◆ **Task objective**: Transcribe the listing below exactly, leaving out each image.

◆ **Entries provided**:
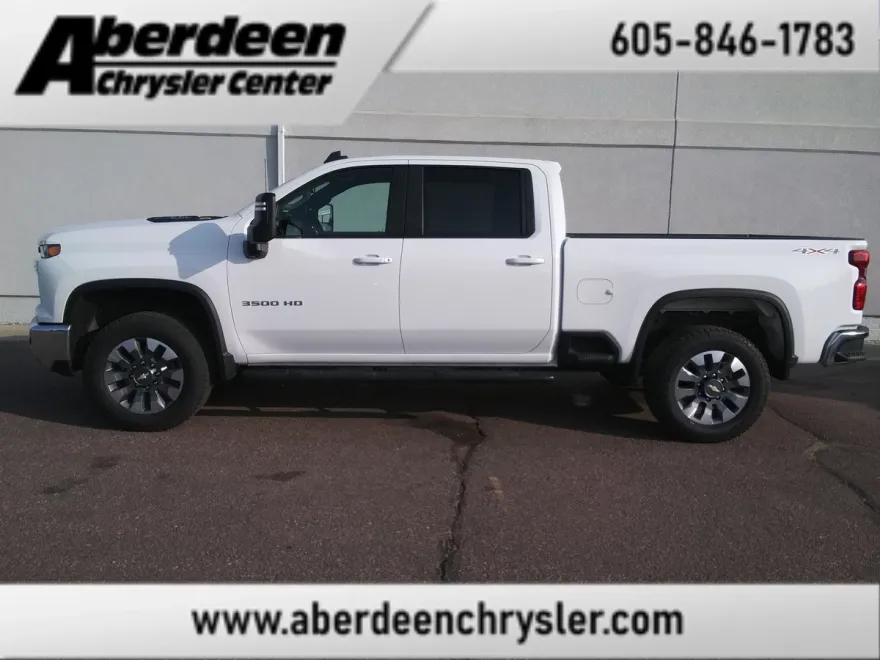 2024 Chevrolet Silverado 3500HD LT photo 1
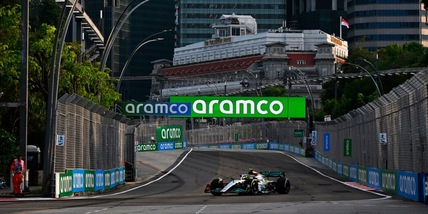 F1, Hamilton davanti a Verstappen nelle libere 1 a Singapore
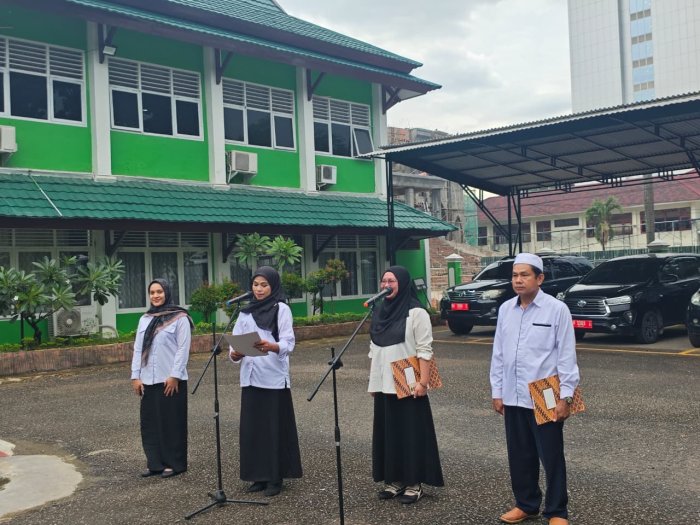 Gladi Bersih Upacara HGN di Kanwil Kemenag: Guru dan Tendik MTsN 2 Kota Jambi Siap Bertugas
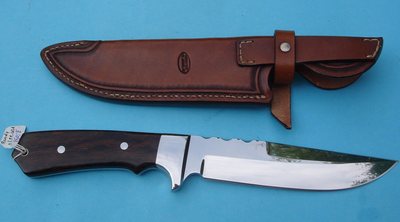 "Large Fighter" Klingenlänge 18,5 cm; Gesamtlänge 33 cm;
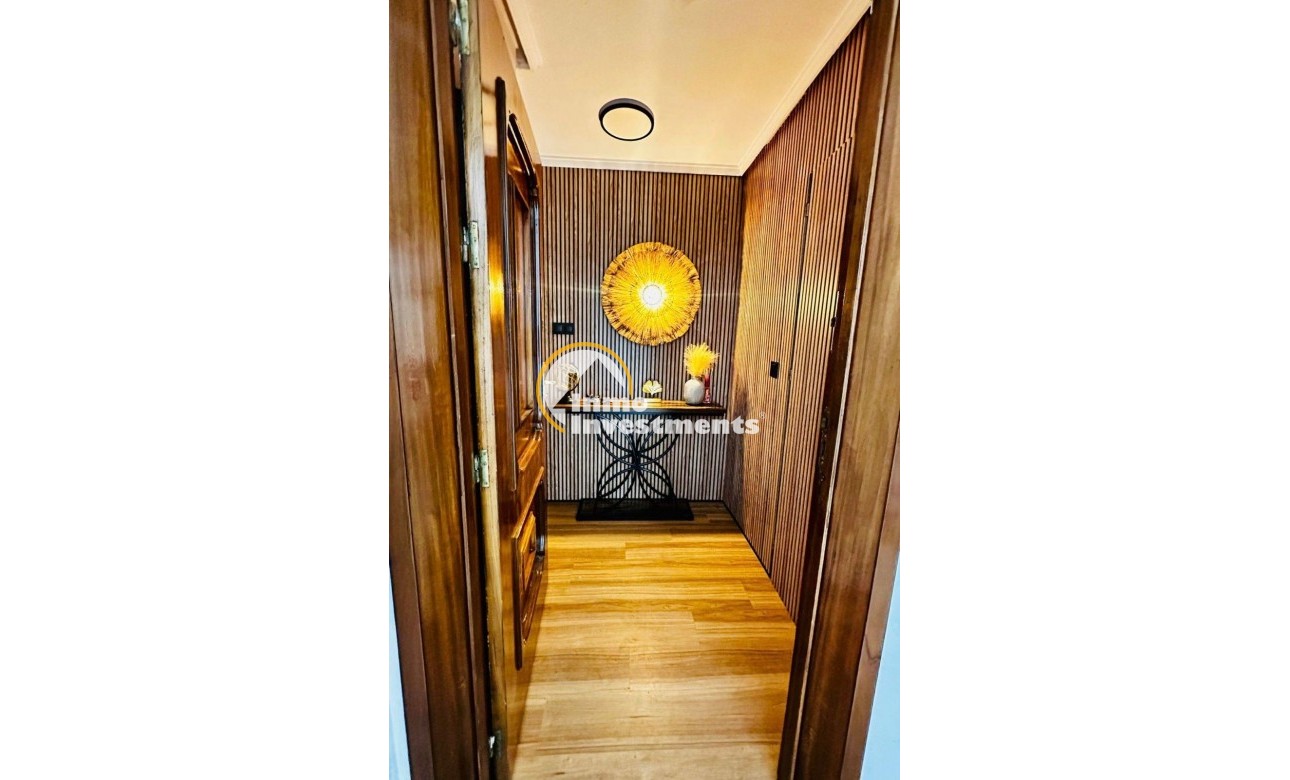 Bestaande bouw - Appartement - Torrevieja - Acequion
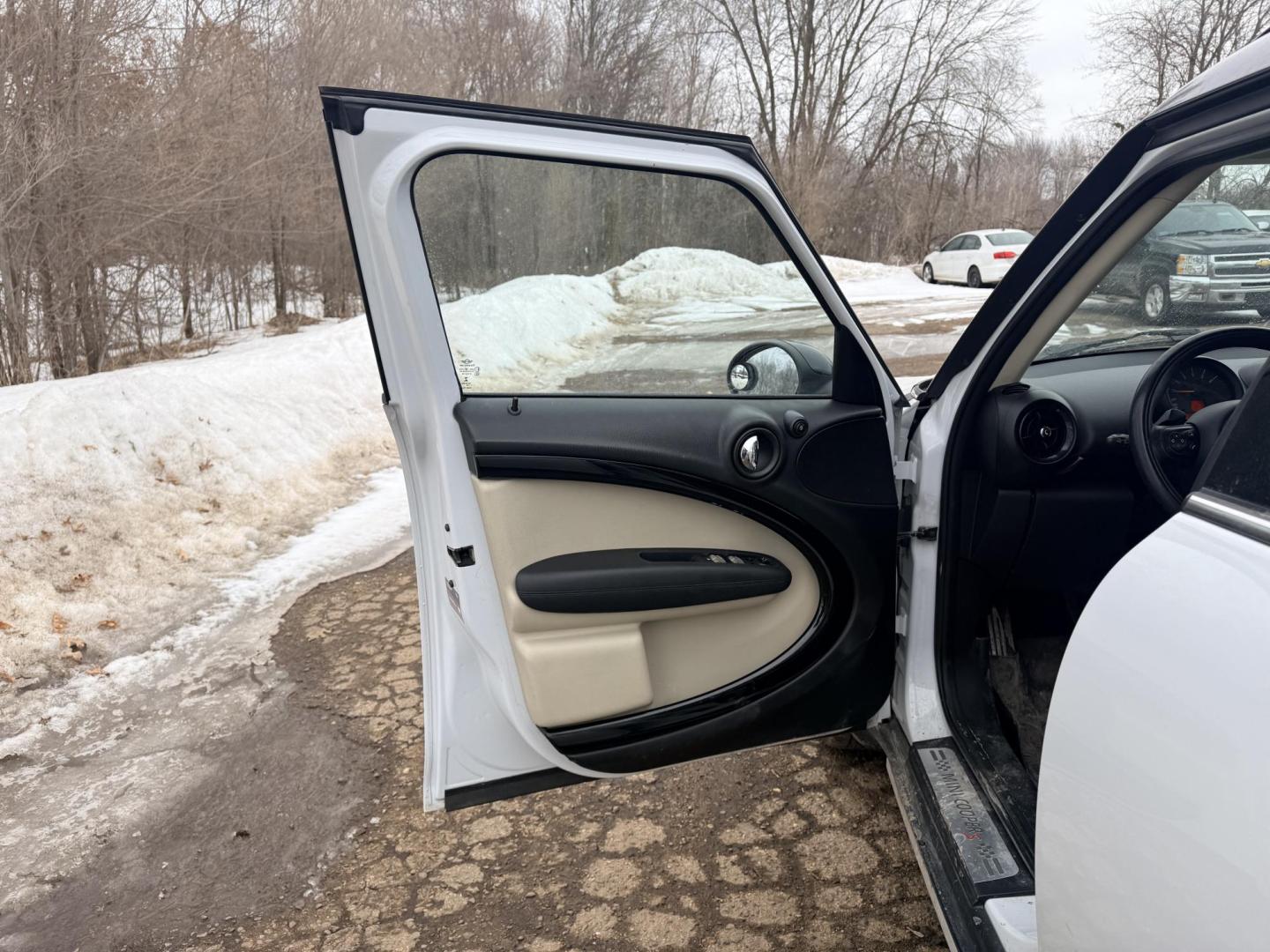 2015 Mini Countryman S ALL4 (WMWZC5C55FW) with an 1.6L L4 DOHC 16V TURBO engine, located at 17255 hwy 65 NE, Ham Lake, MN, 55304, 0.000000, 0.000000 - Photo#8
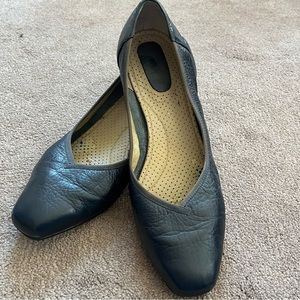 Ros Hommerson Women’s Square Toe Leather Kitten Heel Pumps Size 9 1/2 W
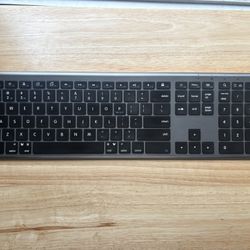 Macally Wireless Bluetooth Keyboard – Full Size w/ Number Pad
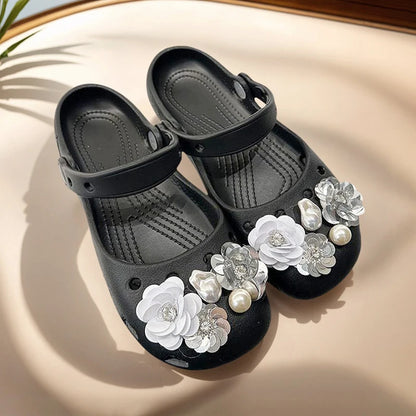 Clogs Summer Slippers Women Luxury Pearl Metal Flower Mary Janes Designer Ballet Shoes Girls Corc Charms Sandals Indoor Outdoor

◆ **Task response**:
 2024 Chevrolet Silverado 3500HD LT photo 1
 F1, Hamilton davanti a Verstappen nelle libere 1 a Singapore
 Gladi Bersih Upacara HGN di Kanwil Kemenag: Guru dan Tendik MTsN 2 Kota Jambi Siap Bertugas
 "Large Fighter" Klingenlänge 18,5 cm; Gesamtlänge 33 cm;
 Bestaande bouw - Appartement - Torrevieja - Acequion
 2015 Mini Countryman S ALL4 (WMWZC5C55FW) with an 1.6L L4 DOHC 16V TURBO engine, located at 17255 hwy 65 NE, Ham Lake, MN, 55304, 0.000000, 0.000000 - Photo#8
 Ros Hommerson Women’s Square Toe Leather Kitten Heel Pumps Size 9 1/2 W
 Macally Wireless Bluetooth Keyboard – Full Size w/ Number Pad
 Clogs Summer Slippers Women Luxury Pearl Metal Flower Mary Janes Designer Ballet Shoes Girls Corc Charms Sandals Indoor Outdoor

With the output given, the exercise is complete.